[refactoring] auth as middleware

2019-10-30 14:58:40 +01:00
parent a0e2f5e634
commit 0876f9baee
7 changed files with 32 additions and 41 deletions
--- a/components/admin/Settings.vue
+++ b/components/admin/Settings.vue
@@ -2,6 +2,7 @@
  div
    el-form(inline label-width="400px")
      //- select timezone
+      client-only
      el-form-item(:label="$t('admin.select_instance_timezone')")
        el-select(v-model='instance_timezone' filterable)
          el-option(v-for='timezone in timezones' :key='timezone.value' :value='timezone.value')
--- a/nuxt.config.js
+++ b/nuxt.config.js
@@ -63,7 +63,7 @@ module.exports = {
        endpoints: {
          login: { url: '/auth/login', method: 'post', propertyName: 'token' },
          logout: false,
-          user: { url: '/auth/user', method: 'get', propertyName: false }
+          user: false
        },
        tokenRequired: true,
        tokenType: 'Bearer'
--- a/server/api/auth.js
+++ b/server/api/auth.js
@@ -2,16 +2,10 @@ const { Op } = require('sequelize')
 const { user: User } = require('./models')

 const Auth = {
-  async fillUser (req, res, next) {
-    if (!req.user) { return next() }
-    req.user = await User.findOne({
-      where: { id: { [Op.eq]: req.user.id }, is_active: true }
-    }).catch(e => {
-      res.sendStatus(404)
-      return next(false)
-    })
-    next()
-  },
+
+  /** isAuth middleware
+   * req.user is filled in server/helper.js#initMiddleware
+  */
  async isAuth (req, res, next) {
    if (!req.user) {
      return res
@@ -29,6 +23,8 @@ const Auth = {
    }
    next()
  },
+
+  /** isAdmin middleware */
  isAdmin (req, res, next) {
    if (!req.user) {
      return res
--- a/server/api/index.js
+++ b/server/api/index.js
@@ -5,7 +5,7 @@ const bodyParser = require('body-parser')
 const expressJwt = require('express-jwt')
 const config = require('config')

-const { fillUser, isAuth, isAdmin } = require('./auth')
+const { isAuth, isAdmin } = require('./auth')
 const eventController = require('./controller/event')
 const exportController = require('./controller/export')
 const userController = require('./controller/user')
@@ -21,16 +21,9 @@ api.use(cookieParser())
 api.use(bodyParser.urlencoded({ extended: false }))
 api.use(bodyParser.json())

-// const jwt = expressJwt({
-//   secret: config.secret,
-//   credentialsRequired: false
-// })
-
-// api.use(jwt)
-
 // AUTH
 api.post('/auth/login', userController.login)
-api.get('/auth/user', fillUser, userController.current)
+api.get('/auth/user', userController.current)

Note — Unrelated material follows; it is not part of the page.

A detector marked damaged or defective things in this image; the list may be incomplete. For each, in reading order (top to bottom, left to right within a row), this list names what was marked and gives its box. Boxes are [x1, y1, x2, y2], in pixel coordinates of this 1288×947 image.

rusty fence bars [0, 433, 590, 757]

 api.post('/user/recover', userController.forgotPassword)
 api.post('/user/check_recover_code', userController.checkRecoverCode)
@@ -38,28 +31,24 @@ api.post('/user/recover_password', userController.updatePasswordWithRecoverCode)

 // register and add users
 api.post('/user/register', userController.register)
-api.post('/user', isAuth, isAdmin, userController.create)
+api.post('/user', isAdmin, userController.create)

 // update user
 api.put('/user', isAuth, userController.update)

 // delete user
-api.delete('/user/:id', isAuth, isAdmin, userController.remove)
+api.delete('/user/:id', isAdmin, userController.remove)

-//
 // api.delete('/user', userController.remove)

 // get all users
-api.get('/users', isAuth, isAdmin, userController.getAll)
-
-// update a tag (modify color)
-api.put('/tag', isAuth, isAdmin, eventController.updateTag)
+api.get('/users', isAdmin, userController.getAll)

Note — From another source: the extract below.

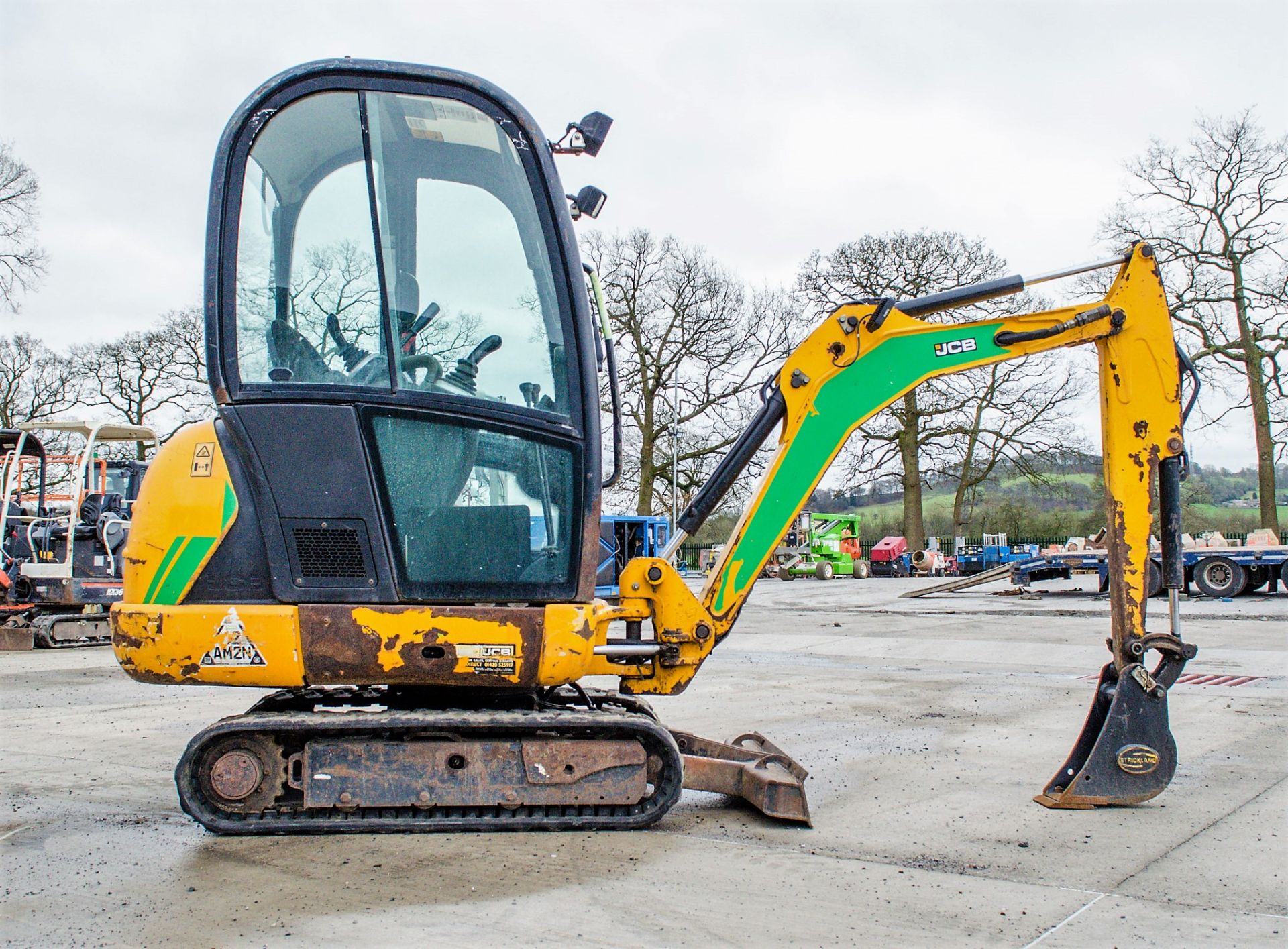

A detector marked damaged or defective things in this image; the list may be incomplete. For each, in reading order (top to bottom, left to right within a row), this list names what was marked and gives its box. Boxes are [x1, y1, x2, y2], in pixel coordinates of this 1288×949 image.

rusty paintwork [297, 731, 649, 808]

 // update a place (modify address..)
-api.put('/place', isAuth, isAdmin, eventController.updatePlace)
+api.put('/place', isAdmin, eventController.updatePlace)

 // add event
-api.post('/user/event', fillUser, upload.single('image'), userController.addEvent)
+api.post('/user/event', upload.single('image'), userController.addEvent)

 // update event
 api.put('/user/event', isAuth, upload.single('image'), userController.updateEvent)
@@ -71,14 +60,14 @@ api.delete('/user/event/:id', isAuth, userController.delEvent)
 api.get('/event/meta', eventController.getMeta)

 // get unconfirmed events
-api.get('/event/unconfirmed', isAuth, isAdmin, eventController.getUnconfirmed)
+api.get('/event/unconfirmed', isAdmin, eventController.getUnconfirmed)

 // add event notification
 api.post('/event/notification', eventController.addNotification)
 api.delete('/event/notification/:code', eventController.delNotification)

 api.get('/settings', settingsController.getAllRequest)
-api.post('/settings', fillUser, isAdmin, settingsController.setRequest)
+api.post('/settings', isAdmin, settingsController.setRequest)

 api.get('/settings/user_locale', settingsController.getUserLocale)

@@ -87,7 +76,7 @@ api.get('/event/confirm/:event_id', isAuth, eventController.confirm)
 api.get('/event/unconfirm/:event_id', isAuth, eventController.unconfirm)

 // get event
-api.get('/event/:event_id.:format?', fillUser, eventController.get)
+api.get('/event/:event_id.:format?', eventController.get)

 // export events (rss/ics)
 api.get('/export/:type', exportController.export)
--- a/server/helpers.js
+++ b/server/helpers.js
@@ -1,10 +1,11 @@
 const settingsController = require('./api/controller/settings')
+const { user: User } = require('./api/models')
+const { Op } = require('sequelize')
 const acceptLanguage = require('accept-language')
 const expressJwt = require('express-jwt')
-const debug = require('debug')
 const moment = require('moment-timezone')
 const config = require('config')
-const package = require('../package.json')
+const pkg = require('../package.json')

 const jwt = expressJwt({
  secret: config.secret,
@@ -22,17 +23,14 @@ const jwt = expressJwt({

 module.exports = {
  initMiddleware (req, res, next) {
-
    // initialize settings
    req.settings = settingsController.settings
    req.secretSettings = settingsController.secretSettings

-    // const package = require('../package.json')
-
    req.settings.baseurl = config.baseurl
    req.settings.title = config.title
    req.settings.description = config.description
-    req.settings.version = package.version
+    req.settings.version = pkg.version

    // set locale and user locale
    const acceptedLanguages = req.headers['accept-language']
@@ -43,9 +41,11 @@ module.exports = {
    moment.locale(req.settings.locale)

    // auth
-    jwt(req, res, () => {
+    jwt(req, res, async () => {
+      if (!req.user) { return next() }
+      req.user = await User.findOne({
+        where: { id: { [Op.eq]: req.user.id }, is_active: true } })
      next()
    })
-
  }
-}
+}
--- a/server/routes.js
+++ b/server/routes.js
@@ -3,6 +3,7 @@ const config = require('config')
 const express = require('express')
 const cors = require('cors')
 const api = require('./api')
+const cookieParser = require('cookie-parser')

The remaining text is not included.